If A is success in life, then A equals x plus y plus z. Work is x; y is play; and z is keeping your mouth shut. — Albert EinsteinRewriting the above words in the form of an equation, we get:
A = x + y + z,where A = success, x = work, y = play, and z = (mouth shut).
We know the following two proverbs: (1) All work and no play makes Jack a dull boy. (2) Speech is silver, silence is golden. Einstein succeeded in unifying these proverbs into a single equation, though his quest for a unified theory of everything was too much ahead of time and fruitless.

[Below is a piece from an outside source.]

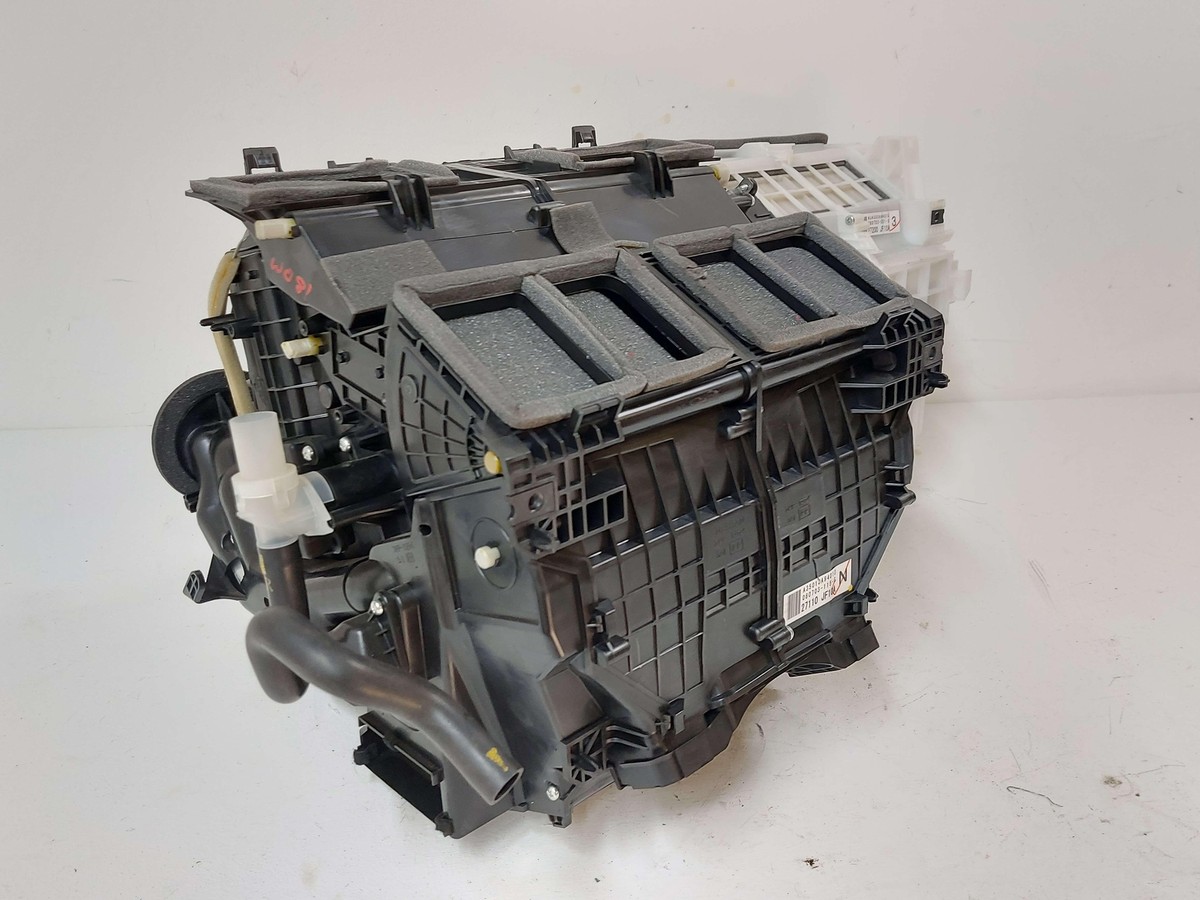 09 Nissan GTR GT-R R35 HVAC Heater Core Blower Motor Housing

I have learned the above words of Einstein from Ref. 1, but do not find them at least in the original edition I have of Ref. 2.
Note added later: The source of Einstein's words given here is described in Ref. 3 as follows:
Said to Samuel J Woolf, Berlin, Summer 1929. Cited with additional notes in The Ultimate Quotable Einstein by Alice Calaprice and Freeman Dyson, Princeton UP (2010) p 230.
References
- RSICC Newsletter, No. 486, Radiation Safety Information Computational Center, Oak Ridge National Laboratory, Oak Ridge, Tennessee, U.S.A. (August 2005).
- A. Calaprice, ed., The New Quotable Einstein (Princeton University Press, Princeton, 2005; the original edition The Quotable Einstein published in 1996).
- "Albert Einstein," Wikiquote, at the end of "1920s" (14 January 2012, at 18:41).